Thread overview
Detecting at compile time if a string is zero terminated
Jan 19, 2011
Johannes Pfau
Jan 19, 2011
Jesse Phillips
Jan 20, 2011
Johannes Pfau
Jan 20, 2011
Jesse Phillips
January 19, 2011
Hi,
I'm currently writing a small wrapper layer for gettext. My current
getText template looks like this:

----------------------------------------------------
string getText()(string msgid, string domain = null, Category cat =
Category.Messages) {
    auto cmsg = toStringz(msgid);
    auto nmsg = dcgettext(domain ? toStringz(domain) : null,
              cmsg, cat);
    if(cmsg == nmsg)
        return msgid;
    else
    {
        string nstr = cast(string)nmsg[0 .. strlen(nmsg)];
        return nstr;
    }
}

string getText(string msgid, string domain = null, Category cat =
Category.Messages)() {
    auto nmsg = dcgettext(domain ? domain.ptr : null,
              msgid.ptr, cat);
    if(msgid.ptr == nmsg)
        return msgid;
    else
    {
        string nstr = cast(string)nmsg[0 .. strlen(nmsg)];
        return nstr;
    }
}
----------------------------------------------------

As string literals in D are zero terminated, there's no need
for the toStringz overhead.
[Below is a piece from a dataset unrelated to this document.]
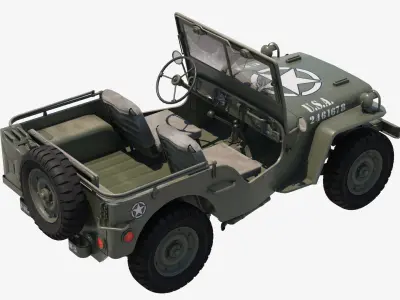 Military Jeep Car Willys  Low-poly 3D model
The overload taking compile time
parameters takes advantage of that. The code works and can be used like
this:
----------------------------------------------------
    writeln(getText!"Hello World!"); //no toStringz
    writeln(getText("Hello World!")); //toStringz
----------------------------------------------------

But if somehow possible I'd like to merge the templates so that there is only one way to call getText and the fastest way is chosen automatically.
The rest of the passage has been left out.